Under the deal, BT will now supply its sports channels – which show UEFA Champions League and Premier League football – to Sky.
In addition, BT will be able to sell Sky’s Now TV service – which includes Sky Sports, Sky Cinema and the Sky Atlantic channel – to its customers.
The deal comes as the firms face growing competition from online rivals.
Marc Allera, the chief executive of BT consumer, told the BBC that the deal was partly so the firms could join forces against the potential online threat.
“A lot of technology companies are coming into the market with vast budgets, and changing the market. We need to ensure our customers get the best choice,” he said.
He said the deal was a “clear indication” of the importance BT attached to how digital and TV markets were converging, adding the firm would bid fiercely for exclusive content.
Bidding is due to begin in the next Premier League football rights auction in February, and digital giants such as Amazon and Facebook could throw their hats in the ring for streaming rights.
However, Mr Allera said: “I wouldn’t say [the deal with Sky] takes the pressure off at all… we believe in holding exclusive rights.”
BT has spent more than £3.5bn on Champions League and Premier League football rights since 2012 in an attempt to compete with Sky.
Announcing the deal, BT chief executive Gavin Patterson said: “This is the next logical step for our TV and content strategy. We feel that now is the right time to broaden the ways in which we distribute BT Sport.”

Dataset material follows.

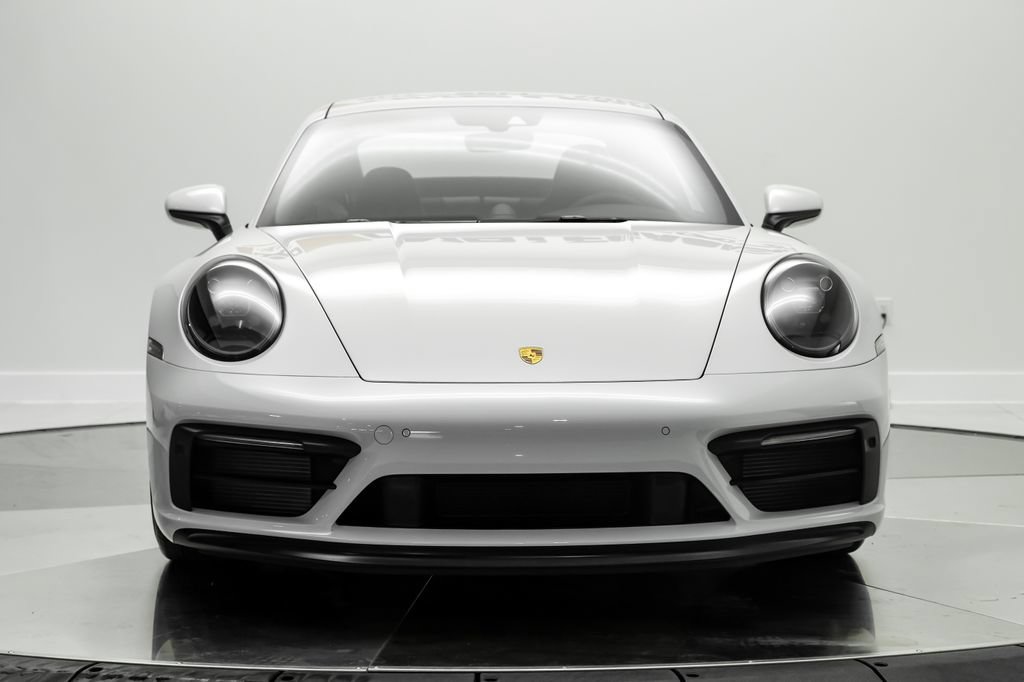 Used 2024 Porsche 911 Carrera GTS RWD image 4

Sky boss Jeremy Darroch said: “This is great news for Sky customers who will be able to access all matches on Sky and BT channels from the Premier League, UEFA Champions League and Europa League directly with a single Sky TV subscription.”

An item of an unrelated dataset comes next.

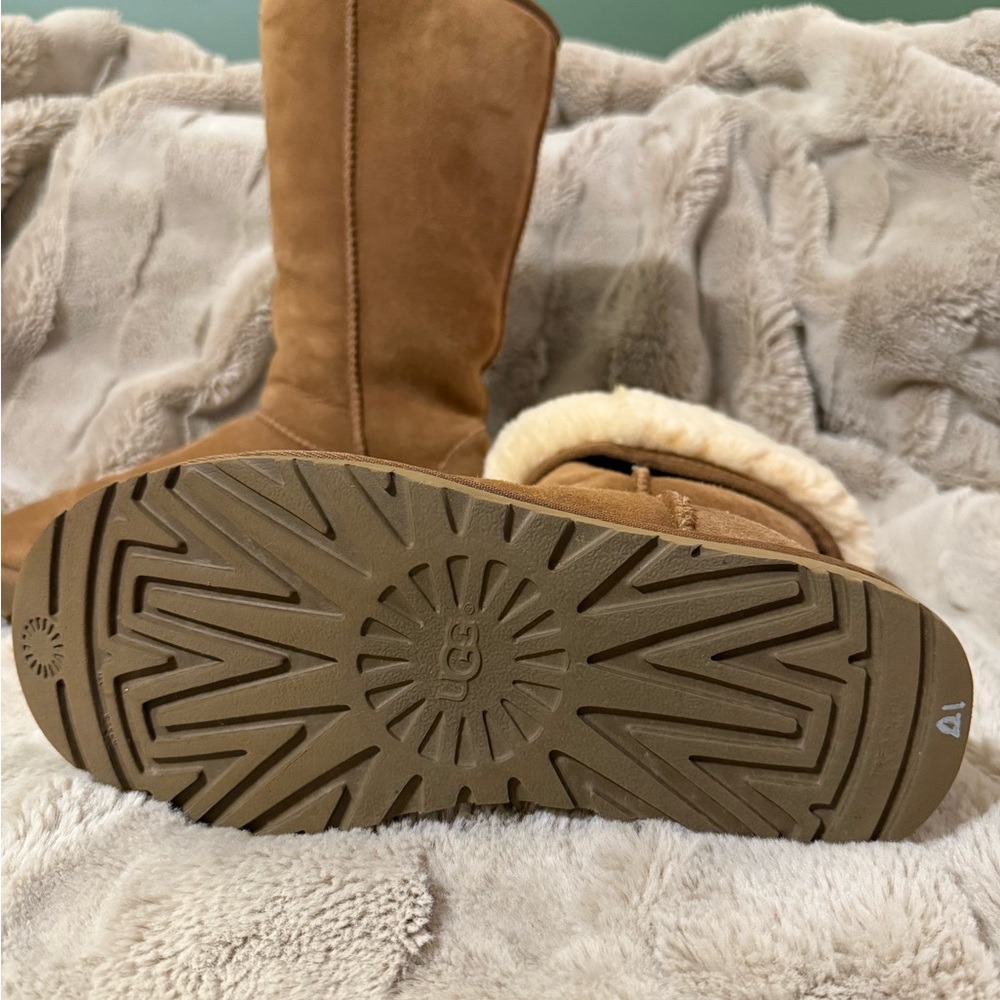 UGG Women's chestnut tall Winter Boots with shearling lining LIKE NEW - Picture 5 of 13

The new services will be available to BT and Sky customers from early 2019.
Richard Broughton, research director at media analysts Ampere, called the deal “very unusual” but said it was a consequence of the rising costs of sports rights.
“The new rights are up for renewal very soon and this is a pre-emptive shot from both companies to limit their exposure to damage should they not get key rights and also allow them to be a little less aggressive in their bidding.”

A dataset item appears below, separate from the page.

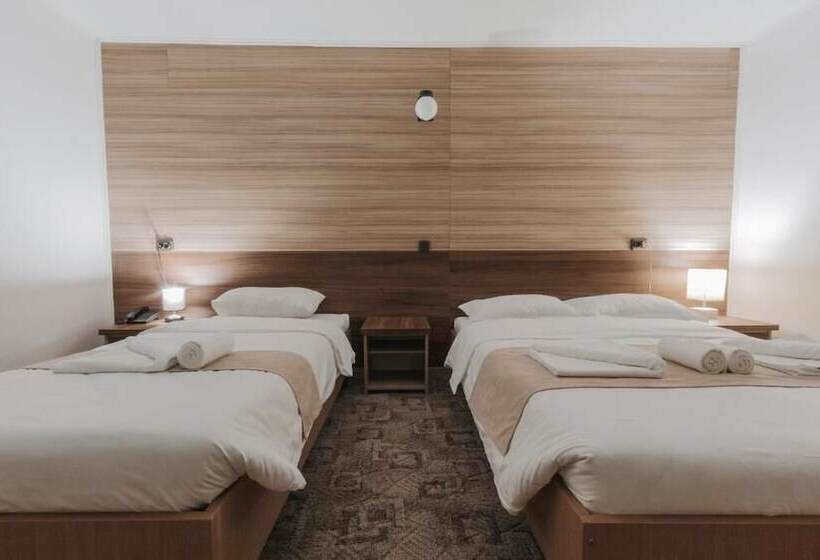 Отель Apollo Central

Michael Hewson, an analyst with CMC Markets, said the BT-Sky deal seemed better for BT than Sky, “given that Sky will take BT’s sport content while BT gets Sky’s sports, cinema and Sky Atlantic channel, and could even gain more access to content further down the road”.
He added: “Next February the bidding starts on the latest Premier and Champions League rights and these are not an insubstantial amounts of money which might suggest a more collaborative approach between BT and Sky at a time when brands like Amazon and Netflix might look to drive the price of this type of premium content higher.”
The big online firms have been part of a seismic shift in how people access content.
On Thursday, Disney announced a deal to buy a large chunk of 21st Century Fox, including its 39% stake in Sky.
Media mogul Rupert Murdoch told Sky News he was selling Fox’s entertainment assets in part due to the rise of online giants.
“[Amazon and Netflix] are growth companies… Amazon, I don’t know how much they want to do. They are spending $5bn or $6bn I believe on new programmes, but it’s basically to widen the appeal of [Amazon] Prime.
“Anyone who joins Prime seems to spend about $3,000 immediately on retail… you know, they are a huge disruptor if you look at what they’re doing.”